I have 3 questions listed below.
Q1. I need to install third party library in Unity Catalog enabled shared cluster. But I am not able to install. It is not accepting dbfs path dbfs:/FileStore/jars/
Q2. I have a requirement to load the data to salesforce from s3 files. I am using simple salesforce library to perform read/write on Salesforce from databricks. As per the documentation we need to provide dictionary data in the write function.

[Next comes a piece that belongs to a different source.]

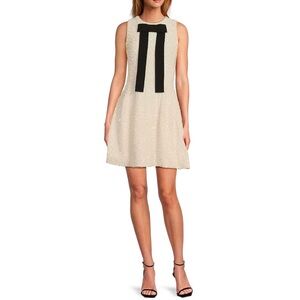 A Loves A Sequin Contrast Bow Round Neck Sleeveless A-Line Flounce Mini Dress S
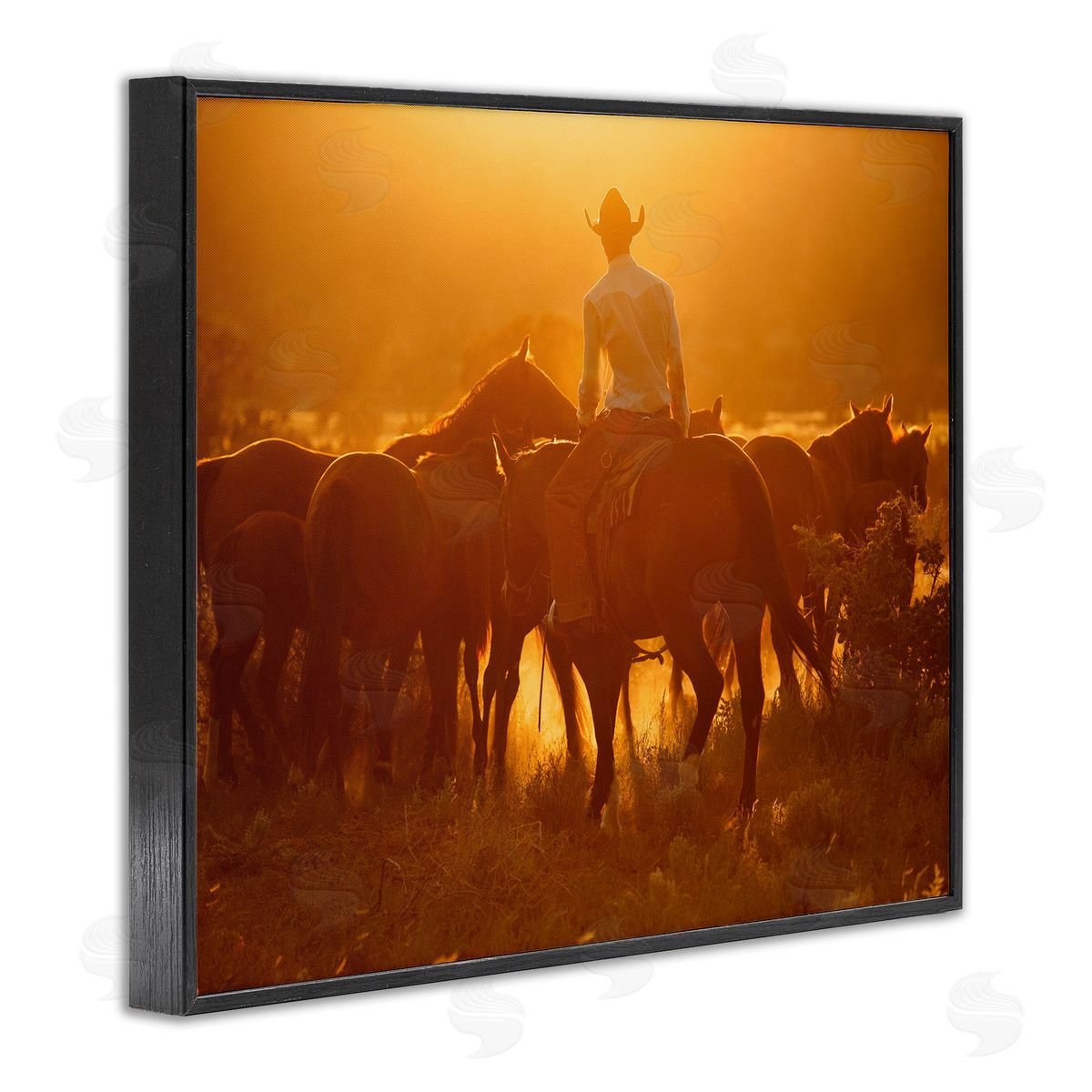 Lisa Dearing Warm Sunlit Cowboy Riding Horse Rural Ranch  Black Framed Giclee Wall Art Print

When I am trying to convert the pyspark dataframe I am getting the below error.
from pyspark.sql.types import StructType,StructField, StringType, IntegerType
data2 = [("Test_Conv1","testmailconv1@yopmail.com","Olivia","A",'3000000000'),
("Test_Conv2","testmailconv2@yopmail.com","Jack","B",4000000000),
("Test_Conv3","testmailconv3@yopmail.com","Williams","C",5000000000),
("Test_Conv4","testmailconv4@yopmail.com","Jones","D",6000000000),
("Test_Conv5","testmailconv5@yopmail.com","Brown",None,9000000000)
]
schema = StructType([ \
StructField("LastName",StringType(),True), \
StructField("Email",StringType(),True), \
StructField("FirstName",StringType(),True), \
StructField("MiddleName", StringType(), True), \
StructField("Phone", StringType(), True)
])
df = spark.createDataFrame(data=data2,schema=schema)
df_contact = df.rdd.map(lambda row: row.asDict()).collect()
sf.bulk.Contact.insert(df_contact,batch_size=20000,use_serial=True)
Error message :
py4j.security.Py4JSecurityException: Method public org.apache.spark.rdd.RDD org.apache.spark.api.java.JavaRDD.rdd() is not whitelisted on class class org.apache.spark.api.java.JavaRDD
Could you please help me to convert the dataframe to the dictionary.
Q3. Even if there is a way to convert the dataframe to dictionary, it could impact the performance for large data set. Is there any way to load the data in Salesforce in a more optimized way.